LAKE WORTH, Fla. - Pension plan executives at companies with smaller 401(k) plans are more satisfied with their service providers than firms with more plan assets, according to two independent surveys.
A survey by Insight In Formation, Lake Worth, Fla., found just less than 5% of the 2,420 plan sponsors with over $50 million in plan assets polled are searching for or in the process of changing their fund managers. By comparison, only 3.13% of companies with 401(k) plans containing less than $5 million in assets are searching for managers or are in the process of changing fund managers. Close to 4% of executives at midsized plans of between $5 million and $100 million in assets were in the process of searching or changing service providers.
"The number of companies searching or changing fund managers is two percentage points higher in the larger market than in the small market. That was sort of striking to me," said Fred D. Barstein, managing director of Insight In Formation. "The over $50 million is a tougher and tougher market with fewer and fewer companies that service it. There is less choice because larger plans have more needs, more education requirements and more choices, and it's harder for companies to service them."

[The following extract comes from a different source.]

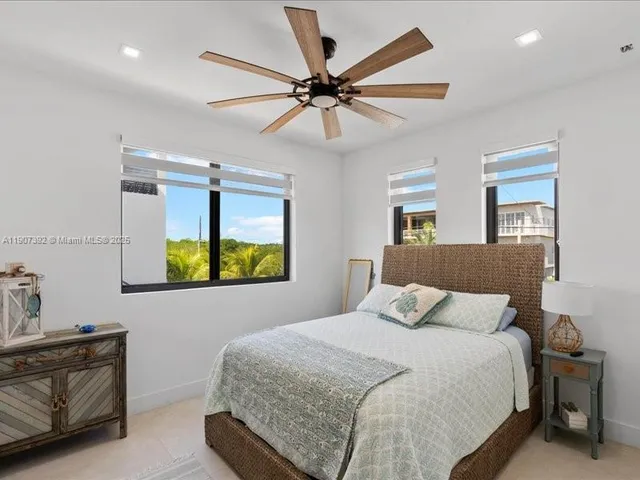 $7,500,000 | 239 Tavernier Drive, Tavernier, FL 33070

These results were confirmed by the DC/401(k) Benchmark Survey of The Society of Plan Sponsors' 150 members with defined contribution plans. The new organization's first defined contribution poll indicated 75% of companies with less than 500 employees and an average of $19.3 million in defined contribution plan assets have retained their current investment provider for more than five years, explained Frank Bermani, executive director of the Simsbury, Conn., organization. However, only 52% of employers with more than 500 employees and an average of $252 million in plan assets have been with their current provider for more than five years.